Chi è andato in pensione a 67 anni, dopo 38 anni di carriera continuativa nel settore privato iniziata nel 1982, può contare su un tasso di sostituzione netto dell'81,5%. Suo figlio o sua figlia, che oggi ha 33 anni ed è entrato nel mercato del lavoro nel 2022, sempre con una carriera continuativa di 38 anni, quando andrà in pensione nel 2060, sempre a 67 anni, avrà un tasso di sostituzione del 64,8%. La differenza generazionale è ''drammatica: 16,7% in meno di sicurezza economica'', si evidenzia nello studio. ''A parità di anni lavorati e di continuità contributiva, la generazione più giovane sperimenterà una prestazione pensionistica significativamente più contenuta, con una distanza tra ultima retribuzione e prima pensione che quasi raddoppia: dal 18,5% al 35,2% rispetto ai pensionati di oggi''.
Oggi in Italia lavorare non garantisce più automaticamente di uscire dalla povertà. Infatti 2,4 milioni di occupati sono working poor, pari al 10,3% degli occupati tra 18 e 64 anni. Tra i giovani occupati di 20-29 anni l'incidenza sale al 12%, pari a 349mila individui. Le famiglie con persona di riferimento operaia registrano un'incidenza della povertà assoluta pari al 15,6%, mentre tra dirigenti, quadri e impiegati la quota scende al 2,9%. Un dato che conferma come la qualifica professionale rappresenti oggi un discrimine fondamentale nel determinare le condizioni di vita.
Italia venticinquesima in Europa per incidenza dei salari sul pil: appena il 28,9%, contro il 44,9% della Germania, il 38% della Francia e il 37,1% della Spagna. Un divario che "dura da trent'anni e che si è cristallizzato in un equilibrio al ribasso persistente nel tempo. Dallo studio Censis Confcooperative emerge che le prospettive demografiche "aggravano il quadro. Tra il 2025 e il 2050 la popolazione in età lavorativa (15-64 anni) si ridurrà di 7,7 milioni di unità, pari a una contrazione del 20,5%". Una dinamica che, in presenza di livelli di povertà già elevati e di una quota rilevante di occupati in condizioni di vulnerabilità economica, ”renderà ancora più persistenti le fragilità sociali del Paese”.
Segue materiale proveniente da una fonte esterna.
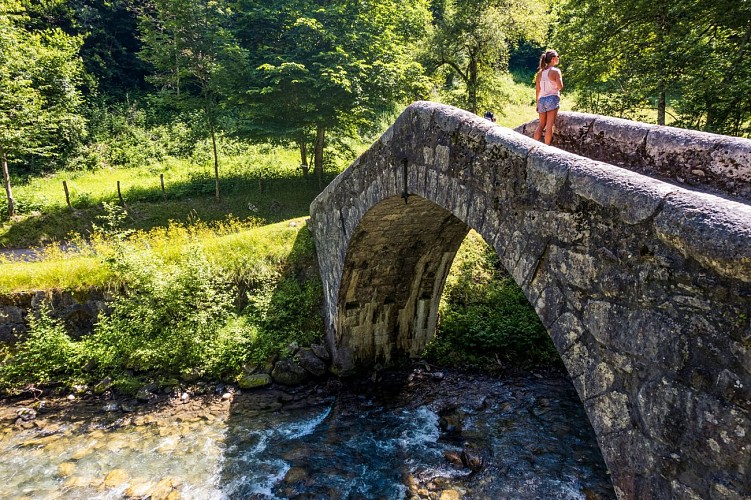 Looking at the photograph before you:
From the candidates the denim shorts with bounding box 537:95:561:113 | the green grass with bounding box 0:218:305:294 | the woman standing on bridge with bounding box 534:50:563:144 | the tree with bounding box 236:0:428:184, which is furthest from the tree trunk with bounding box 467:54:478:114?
the denim shorts with bounding box 537:95:561:113

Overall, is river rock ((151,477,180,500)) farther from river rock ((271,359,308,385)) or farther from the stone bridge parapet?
the stone bridge parapet

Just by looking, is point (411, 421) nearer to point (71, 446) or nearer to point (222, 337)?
point (222, 337)

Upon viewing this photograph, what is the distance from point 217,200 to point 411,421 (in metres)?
12.8

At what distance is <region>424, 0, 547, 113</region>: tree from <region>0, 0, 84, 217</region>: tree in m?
14.8

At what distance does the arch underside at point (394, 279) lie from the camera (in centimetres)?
796

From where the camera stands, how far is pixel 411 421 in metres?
8.67

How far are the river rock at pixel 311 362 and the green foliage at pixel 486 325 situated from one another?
8.64 feet

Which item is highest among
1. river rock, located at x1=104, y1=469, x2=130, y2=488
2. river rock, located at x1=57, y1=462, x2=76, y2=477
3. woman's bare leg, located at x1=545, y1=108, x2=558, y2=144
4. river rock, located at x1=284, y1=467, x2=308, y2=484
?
woman's bare leg, located at x1=545, y1=108, x2=558, y2=144

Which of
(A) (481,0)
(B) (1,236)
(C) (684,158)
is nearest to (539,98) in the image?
(C) (684,158)

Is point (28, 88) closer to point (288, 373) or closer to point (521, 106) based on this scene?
point (288, 373)

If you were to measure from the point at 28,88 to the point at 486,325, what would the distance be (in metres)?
16.8

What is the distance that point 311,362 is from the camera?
10.0 metres

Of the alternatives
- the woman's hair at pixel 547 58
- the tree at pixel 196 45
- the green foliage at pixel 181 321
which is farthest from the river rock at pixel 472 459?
the tree at pixel 196 45

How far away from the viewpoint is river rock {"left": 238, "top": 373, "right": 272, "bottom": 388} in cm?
961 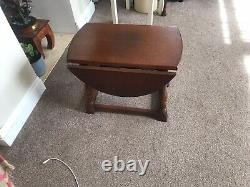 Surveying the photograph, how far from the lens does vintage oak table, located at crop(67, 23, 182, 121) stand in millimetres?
1275

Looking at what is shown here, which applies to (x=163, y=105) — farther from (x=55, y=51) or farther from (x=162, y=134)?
(x=55, y=51)

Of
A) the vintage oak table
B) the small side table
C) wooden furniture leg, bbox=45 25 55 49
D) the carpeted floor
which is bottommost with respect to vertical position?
the carpeted floor

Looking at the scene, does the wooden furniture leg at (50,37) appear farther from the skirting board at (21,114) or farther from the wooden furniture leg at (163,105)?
the wooden furniture leg at (163,105)

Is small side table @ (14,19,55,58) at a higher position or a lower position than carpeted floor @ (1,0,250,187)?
higher

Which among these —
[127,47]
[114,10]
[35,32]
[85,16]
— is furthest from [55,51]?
[127,47]

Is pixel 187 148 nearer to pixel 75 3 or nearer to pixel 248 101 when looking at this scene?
pixel 248 101

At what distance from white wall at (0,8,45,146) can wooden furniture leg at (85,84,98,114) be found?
42 cm

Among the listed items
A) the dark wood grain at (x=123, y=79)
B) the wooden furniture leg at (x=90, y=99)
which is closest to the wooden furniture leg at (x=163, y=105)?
the dark wood grain at (x=123, y=79)

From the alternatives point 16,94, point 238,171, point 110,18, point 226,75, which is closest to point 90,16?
point 110,18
I dati del focus vengono sintetizzati da Maurizio Gardini, presidente di Confcooperative: ”Un taglio di 17 punti percentuali sul reddito pensionistico rispetto all'ultima busta paga. È questa la prospettiva che attende chi oggi entra nel mercato del lavoro rispetto a chi va in pensione adesso. Una vera ipoteca sul futuro che si somma ai salari tra i più bassi d'Europa, a una crescente diffusione della povertà lavorativa e a una forte riduzione di lavoratori, ben 7,7 milioni in meno, entro il 2050. È il frutto di dinamiche incrociate degli ultimi 30 anni”.